Activity:
Write out, word for word, every line in the data below from the one containing "Estudio de gres" to the one containing "red lily stock", both of them included.

Provided data:

__________________________________________________

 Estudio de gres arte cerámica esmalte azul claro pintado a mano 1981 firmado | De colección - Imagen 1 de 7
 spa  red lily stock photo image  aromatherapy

__________________________________________________

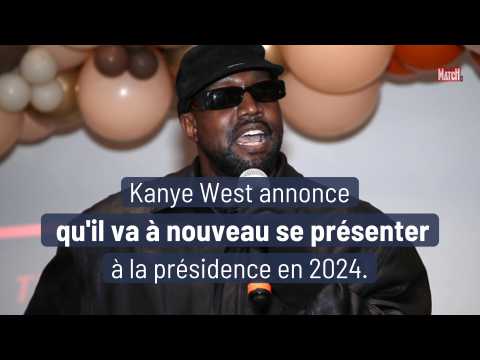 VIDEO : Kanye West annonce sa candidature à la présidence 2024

__________________________________________________

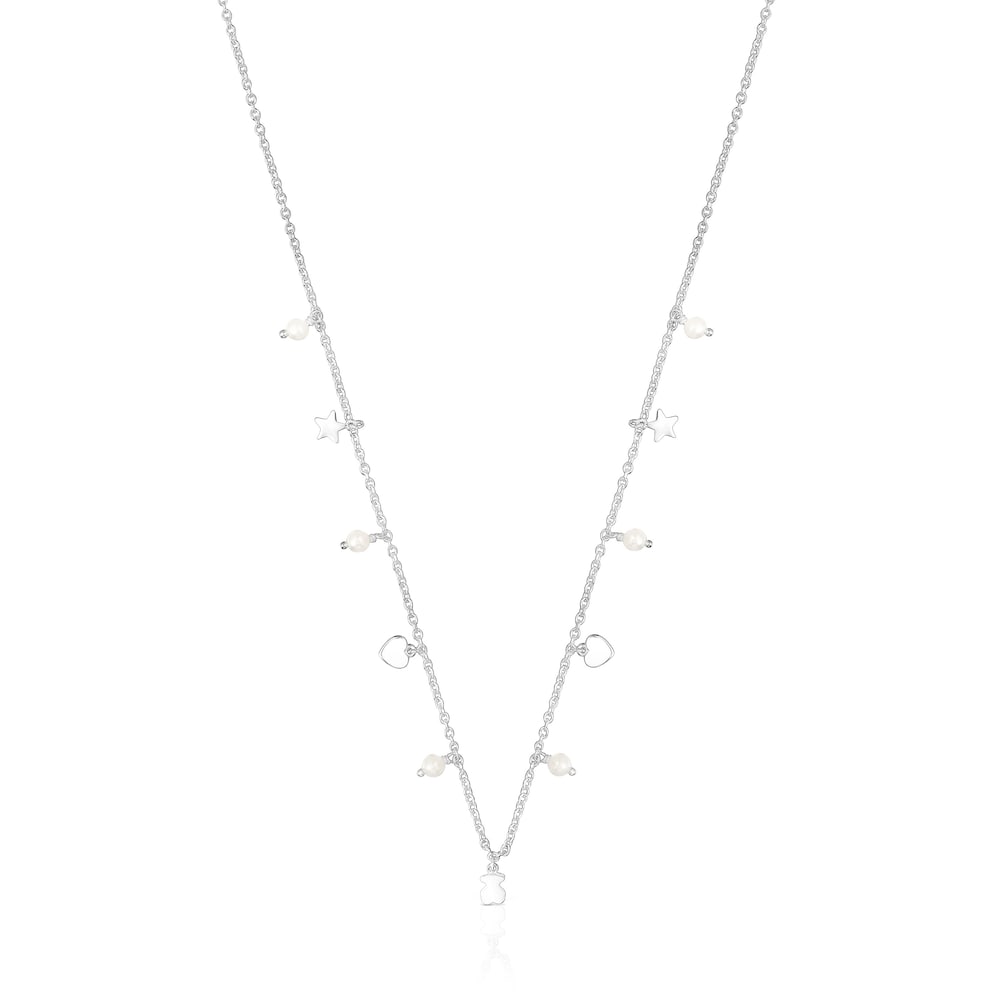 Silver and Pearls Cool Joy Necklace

__________________________________________________

Answer for this exercise:
 Estudio de gres arte cerámica esmalte azul claro pintado a mano 1981 firmado | De colección - Imagen 1 de 7
 spa  red lily stock photo image  aromatherapy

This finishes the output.